Your assignment | Return only the lines of the data below from the line with "70 Bus Line Map" up to and including the line with "Sedia da Ufficio", exactly as written, with the pictures omitted.

(Beginning of The data)

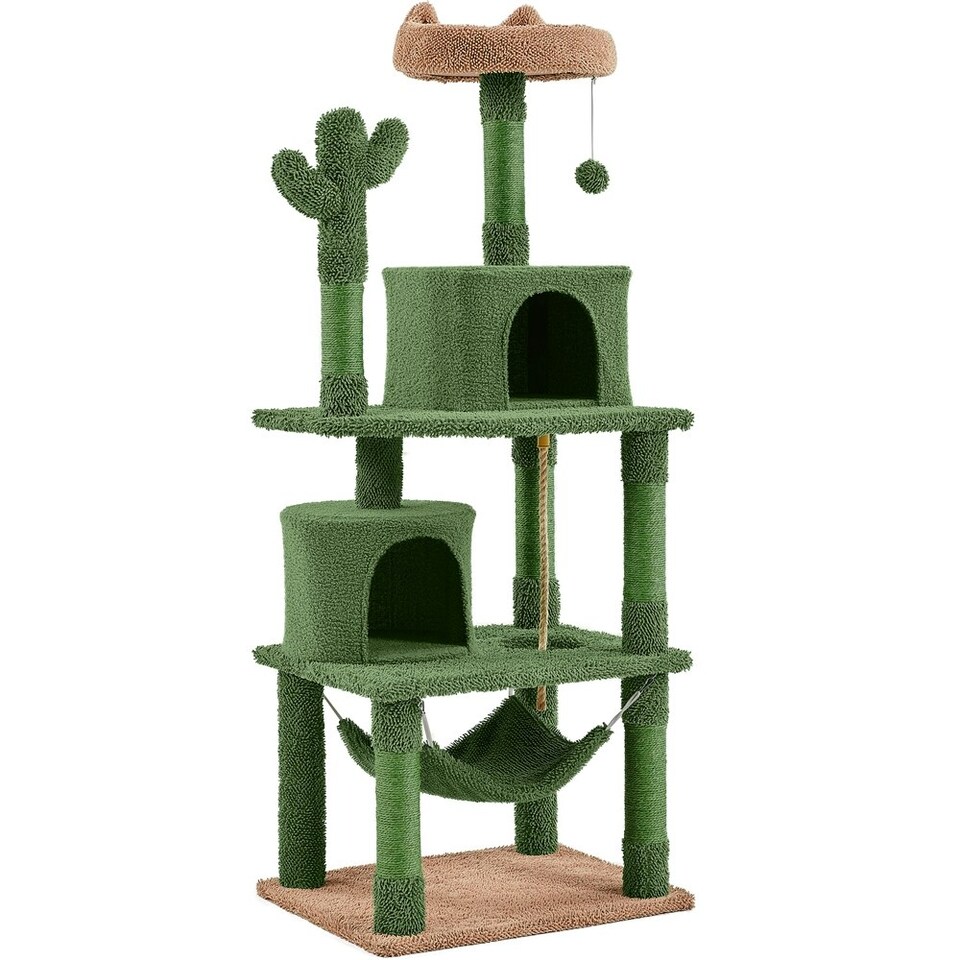 image 1 of Yaheetech Cactus-Designed Cat Tree with Natural Sisal Green/Brown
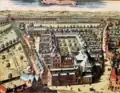 XVIIIe siècle : gravure de l'ancienne chartreuse de Bruxelles, disparue.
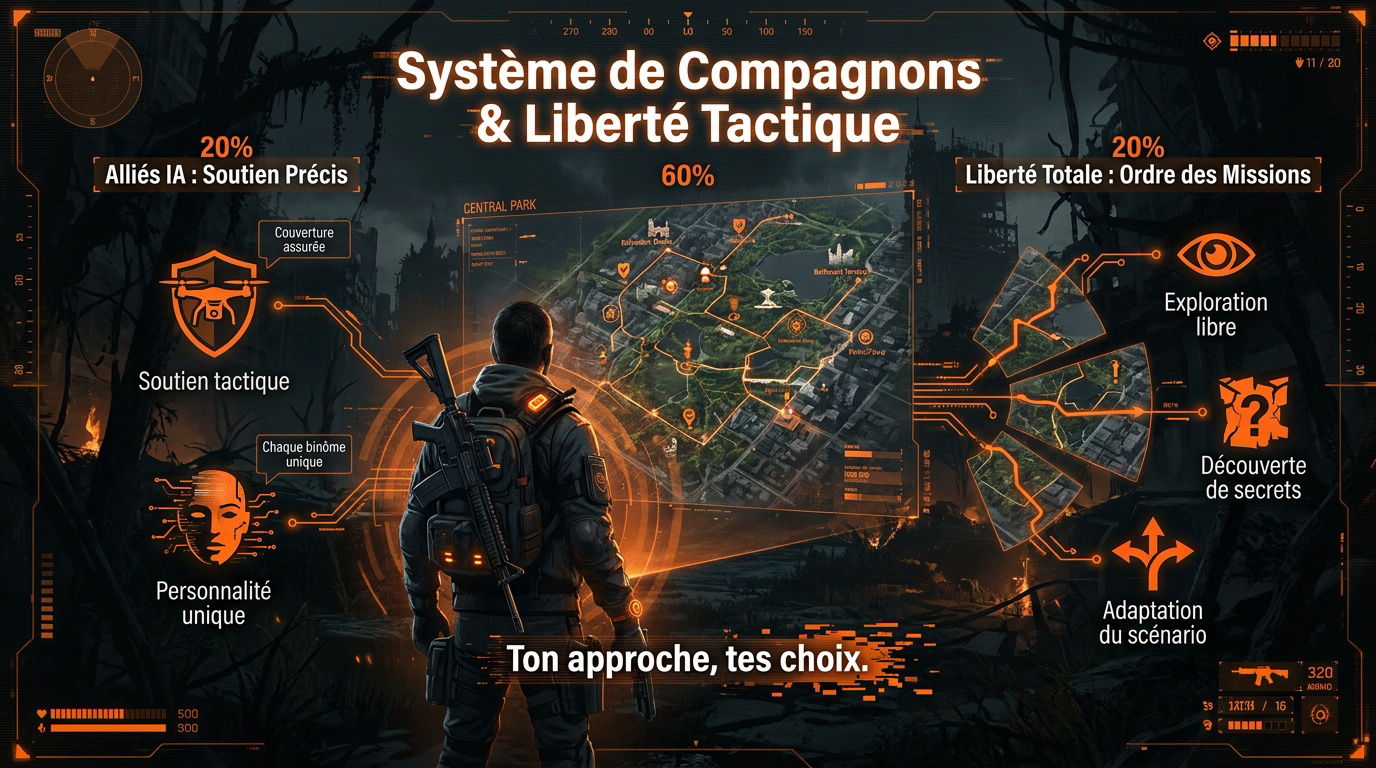 Agent de la Division utilisant le soutien tactique d'un compagnon IA dans Central Park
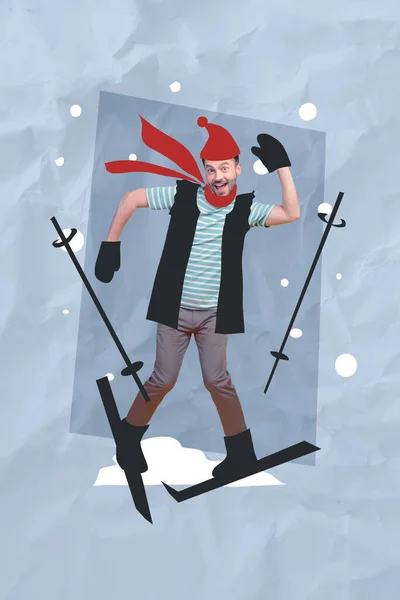 Image Postcard Collage Cheerful Happy Guy Having Fun Dancing Skiing — Stock Photo, Image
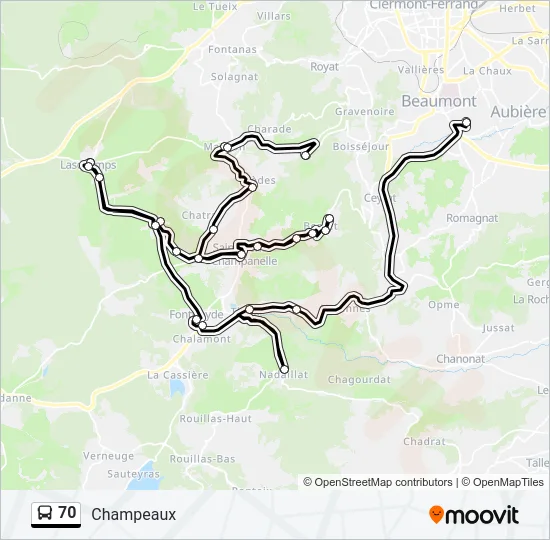 70 Bus Line Map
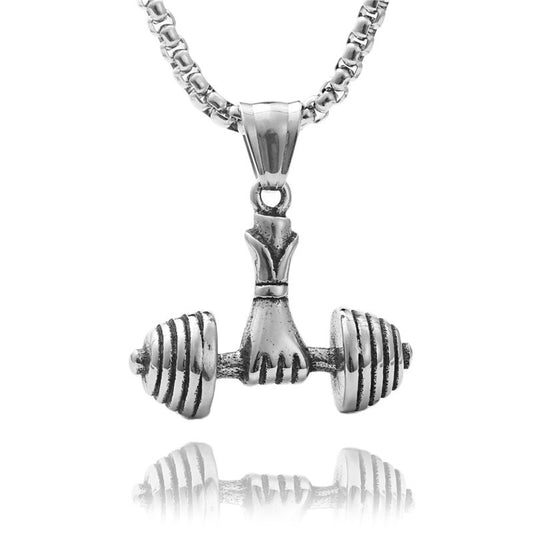 Titanium Steel Dumbbell Pendant Necklace for Men - Retro Punk Style from Planderful Everyday Genie Collection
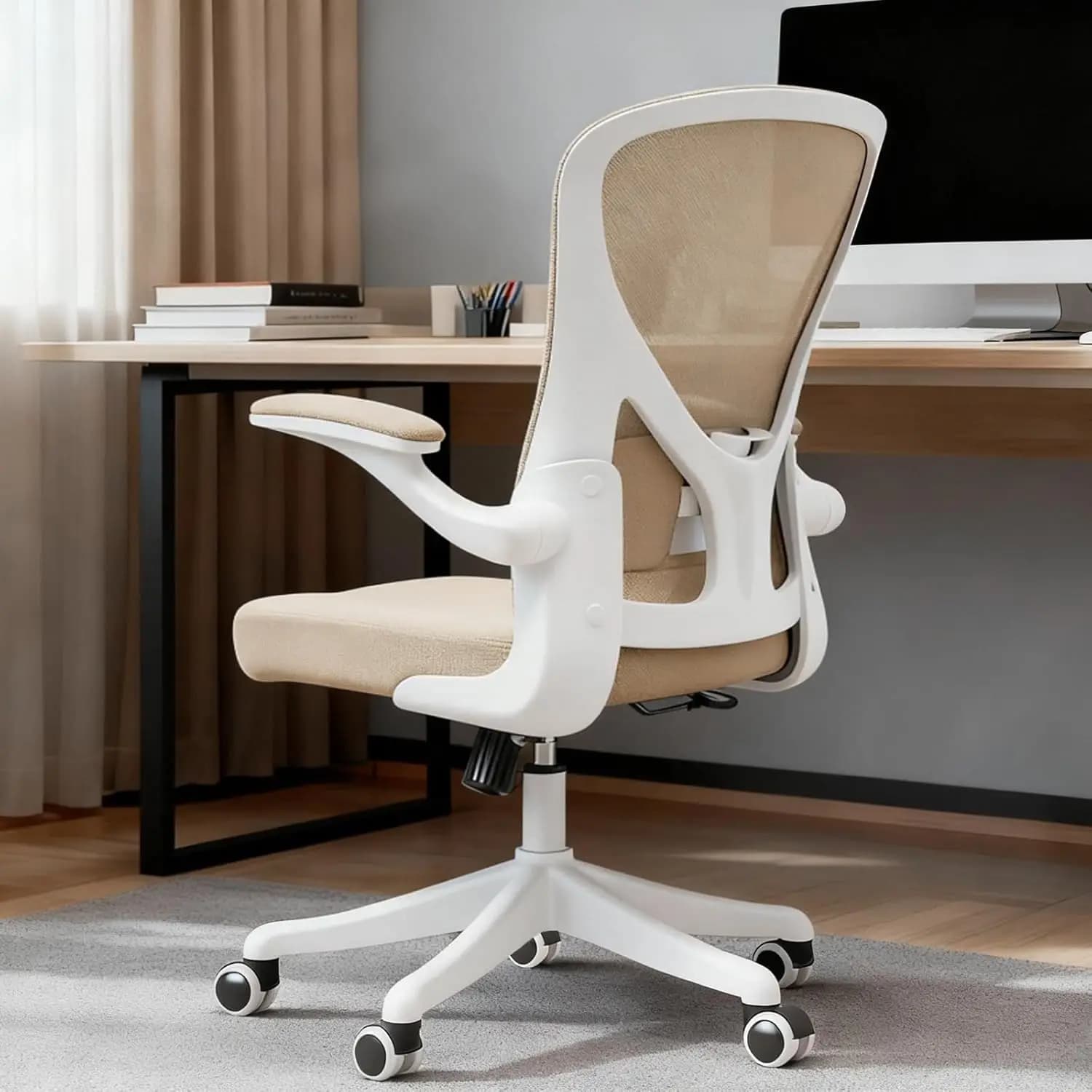 Sedia da Ufficio Ergonomica con Supporto Lombare Regolabile, Braccioli Ribaltabili, Cuscino Spesso e Ruote per Lavoro da Casa/Ufficio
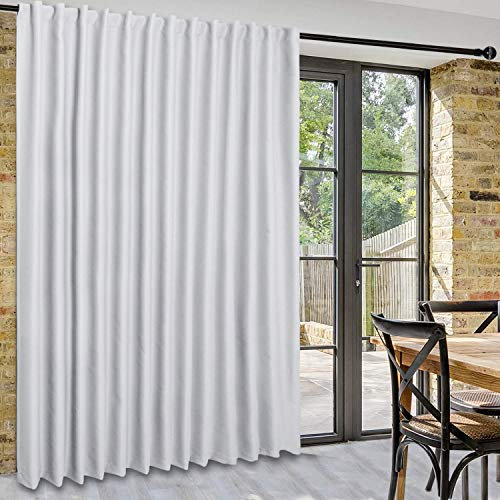 DWCN Patio Sliding Door Curtains - Extra Wide Blackout Curtains for Glass Door, Room Divider Thermal Curtain Panel with Back Tab & Rod Pocket for Bedroom Partition, 72 x 72 Inches, Greyish White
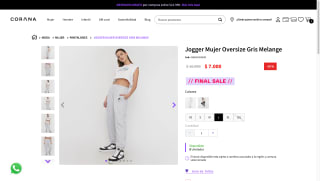 Jogger Mujer Oversize Gris Melange por solo $7.000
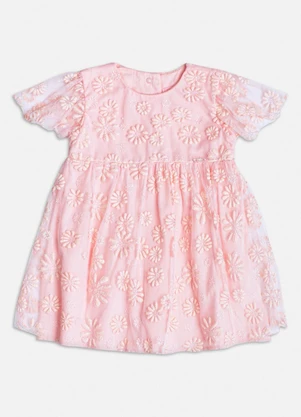 Momi - Vestido Rosa de Tule Floral Bordado Rosa - MOMI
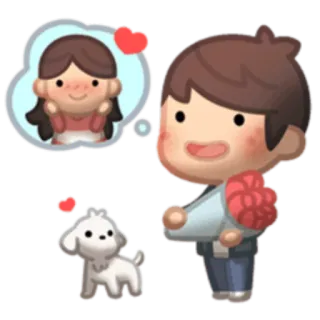 🌹 liefde, romantiek, bloemen, stel, hond, cartoon telegram sticker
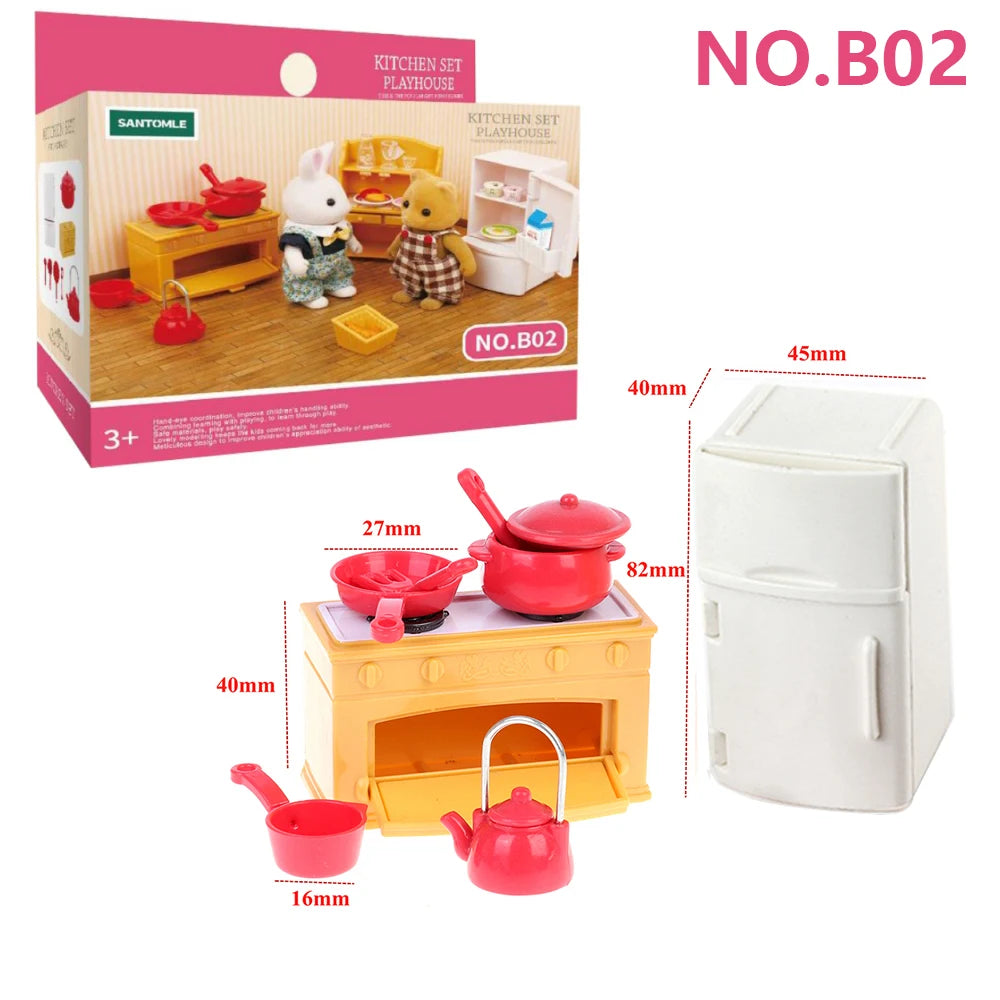 Forest Animal Family Dollhouse Furniture 1/12 Miniature Toys Girl Dolls Accessories Bedroom Bathroom Dollhouse Kit For Dolls ALPENZO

(End of The data)

Result |
 70 Bus Line Map
 Titanium Steel Dumbbell Pendant Necklace for Men - Retro Punk Style from Planderful Everyday Genie Collection
 Sedia da Ufficio Ergonomica con Supporto Lombare Regolabile, Braccioli Ribaltabili, Cuscino Spesso e Ruote per Lavoro da Casa/Ufficio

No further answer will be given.